═══ Source material

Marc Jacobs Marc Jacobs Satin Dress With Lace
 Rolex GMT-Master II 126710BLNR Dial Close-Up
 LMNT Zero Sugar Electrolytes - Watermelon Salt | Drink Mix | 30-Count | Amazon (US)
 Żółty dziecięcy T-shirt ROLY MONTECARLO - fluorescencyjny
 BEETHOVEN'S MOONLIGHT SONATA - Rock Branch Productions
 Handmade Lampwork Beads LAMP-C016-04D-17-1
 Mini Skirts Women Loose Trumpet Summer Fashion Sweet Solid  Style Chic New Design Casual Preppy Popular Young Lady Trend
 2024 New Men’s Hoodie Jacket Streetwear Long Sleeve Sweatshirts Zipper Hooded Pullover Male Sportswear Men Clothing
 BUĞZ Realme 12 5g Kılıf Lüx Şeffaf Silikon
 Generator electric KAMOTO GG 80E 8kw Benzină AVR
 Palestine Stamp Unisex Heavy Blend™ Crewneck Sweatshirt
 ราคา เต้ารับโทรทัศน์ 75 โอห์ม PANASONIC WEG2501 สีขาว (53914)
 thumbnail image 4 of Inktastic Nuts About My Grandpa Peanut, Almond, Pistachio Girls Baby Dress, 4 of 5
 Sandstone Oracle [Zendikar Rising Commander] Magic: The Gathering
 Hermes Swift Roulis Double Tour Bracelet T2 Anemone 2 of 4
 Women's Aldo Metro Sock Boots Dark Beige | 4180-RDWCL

══════

§ Task brief
In this exercise, repeat the entries above verbatim.

§ Answer space
Marc Jacobs Marc Jacobs Satin Dress With Lace
 Rolex GMT-Master II 126710BLNR Dial Close-Up
 LMNT Zero Sugar Electrolytes - Watermelon Salt | Drink Mix | 30-Count | Amazon (US)
 Żółty dziecięcy T-shirt ROLY MONTECARLO - fluorescencyjny
 BEETHOVEN'S MOONLIGHT SONATA - Rock Branch Productions
 Handmade Lampwork Beads LAMP-C016-04D-17-1
 Mini Skirts Women Loose Trumpet Summer Fashion Sweet Solid  Style Chic New Design Casual Preppy Popular Young Lady Trend
 2024 New Men’s Hoodie Jacket Streetwear Long Sleeve Sweatshirts Zipper Hooded Pullover Male Sportswear Men Clothing
 BUĞZ Realme 12 5g Kılıf Lüx Şeffaf Silikon
 Generator electric KAMOTO GG 80E 8kw Benzină AVR
 Palestine Stamp Unisex Heavy Blend™ Crewneck Sweatshirt
 ราคา เต้ารับโทรทัศน์ 75 โอห์ม PANASONIC WEG2501 สีขาว (53914)
 thumbnail image 4 of Inktastic Nuts About My Grandpa Peanut, Almond, Pistachio Girls Baby Dress, 4 of 5
 Sandstone Oracle [Zendikar Rising Commander] Magic: The Gathering
 Hermes Swift Roulis Double Tour Bracelet T2 Anemone 2 of 4
 Women's Aldo Metro Sock Boots Dark Beige | 4180-RDWCL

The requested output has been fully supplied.